# Records for this exercise

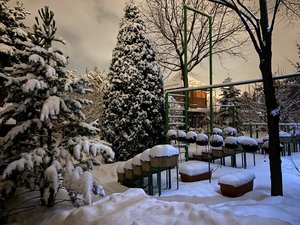 7C2B8C0B-5535-430A-B424-484FF05DF70F.jpeg
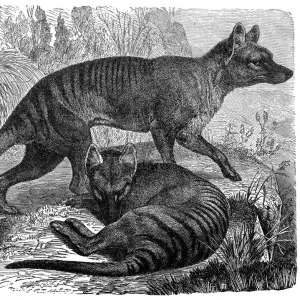 Thylacine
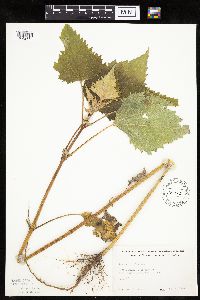 Cyclachaena xanthiifolia image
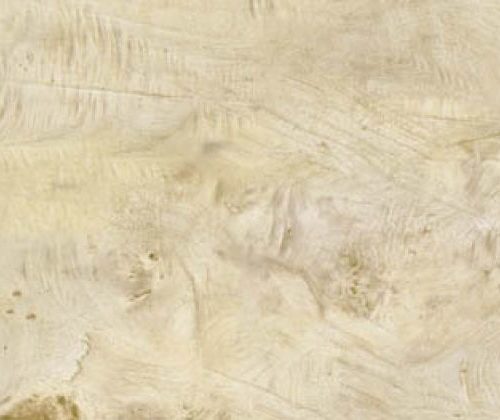 Arce 21x58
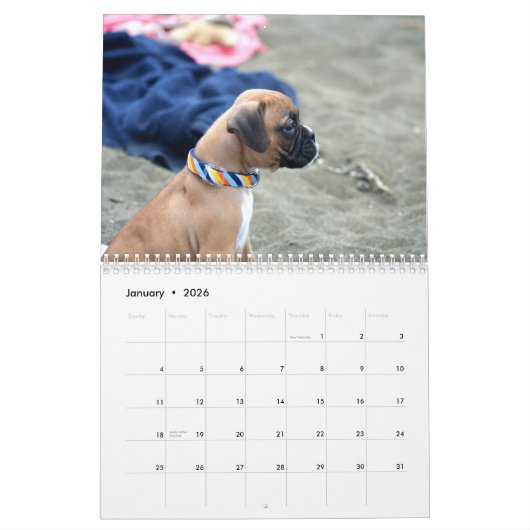 Boxer Puppies 2013 Agenda Kalender (Jan 2026)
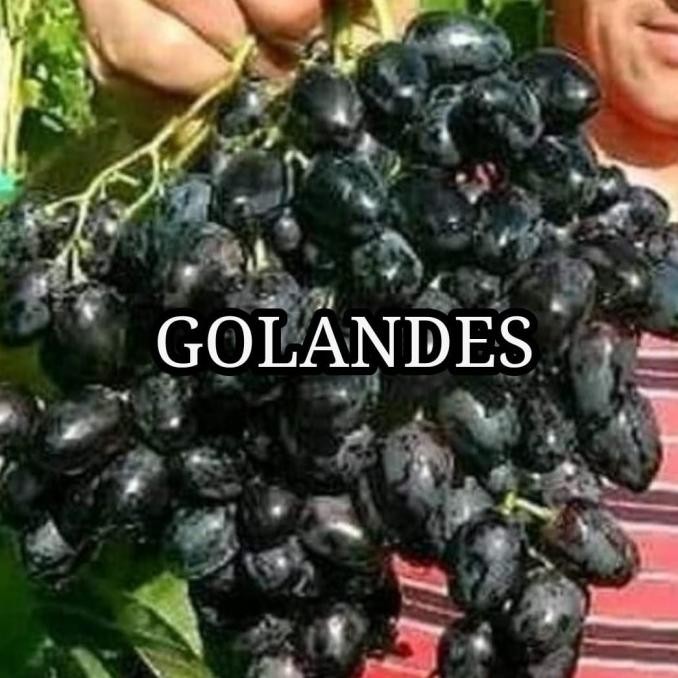 

Bibit Anggur Import golandes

# Your objective
The pictures in the data should be omitted, and every remaining line set down exactly.

# Answer to the problem
 7C2B8C0B-5535-430A-B424-484FF05DF70F.jpeg
 Thylacine
 Cyclachaena xanthiifolia image
 Arce 21x58
 Boxer Puppies 2013 Agenda Kalender (Jan 2026)

Bibit Anggur Import golandes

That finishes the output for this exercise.